I know that to be a random variable, X1 and X2 need to have a pre-image in the event space Sigma. X1 can take on values from 1 to 6 depending on the highest number in the (i,j) pair. X2 can take on values from 2 (1,1) to 12 (6,6).

So if i follow the rule, one element outcome of X1 and X2 should have an outcome which is an element of Sigma as a pre-image. I understand that each value of X1 (1 up to 6) is a possible outcome of Sigma. But it is less clear for X2, if I have a sum equals to 12, should I say it's not a random variable because there's not 12 in the Sigma even if the Sigma includes (6,6) ?

#### Buckeye

##### Active Member
I think it has to do with the idea that the sum of two dice can be reached through different ways. (Ex: a sum of 4 can be reached by rolling a 1 and 3 or rolling a pair of 2's) I don't believe this happens in the max-min problem. I don't know if I'm on the right track, but that's my attempt.

#### Dason

To build an intuition for these kinds of things it might be beneficial to try smaller problems that are related. In this case think of two-sided die (I'd say coin flips but "2-sided-die" more naturally extends to your case and we would think of the outcomes as 1,2 instead of H,T, or 0,1 as we would for a coin flip) with the sigma-algebra defined analogously.

In that case $$\sigma$$-algebra looks like: $$\{\emptyset, \{(1,1)\}, \{(1,2), (2,1), (2,2)\}, \Omega\}$$ - there aren't any other sets you can generate by intersections or unions.

Using that think about whether the pre-images for your random variables are sets in the defined sigma-algebra.

#### endlessend25

##### New Member
If I get it right:

Omega = {A1, A2, A3, A4, A5, A6} = {1,2,3,4,5,6}

X1 = {1,2,3,4,5,6}. All of the outcomes are inside Omega -> X1 is a random variable

X2 = {2,3,4,5,6,7,8,9,10,11,12}. The outcomes 7 to 12 are not inside Omega -> X2 is not a random variable

But how to say it in a more formal way? Knowing that I know that:

A fonction X : Omega -> R is called a random variable
if X^-1 (B) = {w is an element of Omega : X(w) is an element of B} is an element of Sigma
for any B is a Borel set of R

#### Dason

Well there are some outcomes that map X2 to 12 as elements that exist inside some of the sets in the sigma algebra. For example (6,6) is contained in the set of points mapped to max(i,j)=6. But does (6,6) exist alone in the sigma algebra or is it always with some other sets?
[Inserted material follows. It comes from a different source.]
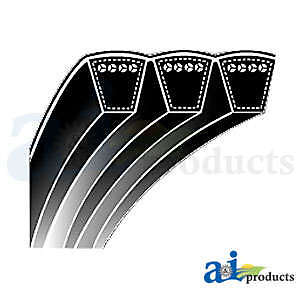B Banded V Belt CQ31965 for John Deere 1175 Hydro Walker 1185 1450 1450CTS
Let's talk about that small example that I proposed earlier. X1 = max(i,j) is a random variable since the preimages for X1=1 are {(1,1)} and the preimage for X1=2 is {(1,2), (2,1), (2,2)} and those exist in the sigma algebra. But if you consider X2 (which we'll let be defined for k=2,3,4) then what would the preimage for i+j=2 look like? It would be {(1,1)} which is in the sigma algebra. But what about X2=3? The preimage for that is {(1,2), (2,1)} and although that is a subset of one of the sets in our sigma algebra it isn't a set in the sigma-algebra itself so the preimage for X2=3 doesn't exist in the sigma-algebra.

#### endlessend25

##### New Member
I understand you explanation if you set that the sigma-algebra is {emptyset, {(1,1)}, {(1,2), (2,1), (2,2)}, Omega}.
But we could say that the X2=3 in your example whose preimage int {(1,2),(2,1)} is in the sigma-algebra if we say the sigma algebra is {emptyset, {(1,1)}, {(1,2),(2,1)}, {(2,2)}}.

It depends on the way you constructed your sigma-algebra, because you have multiple right ways to construct it. There's surely something that I miss.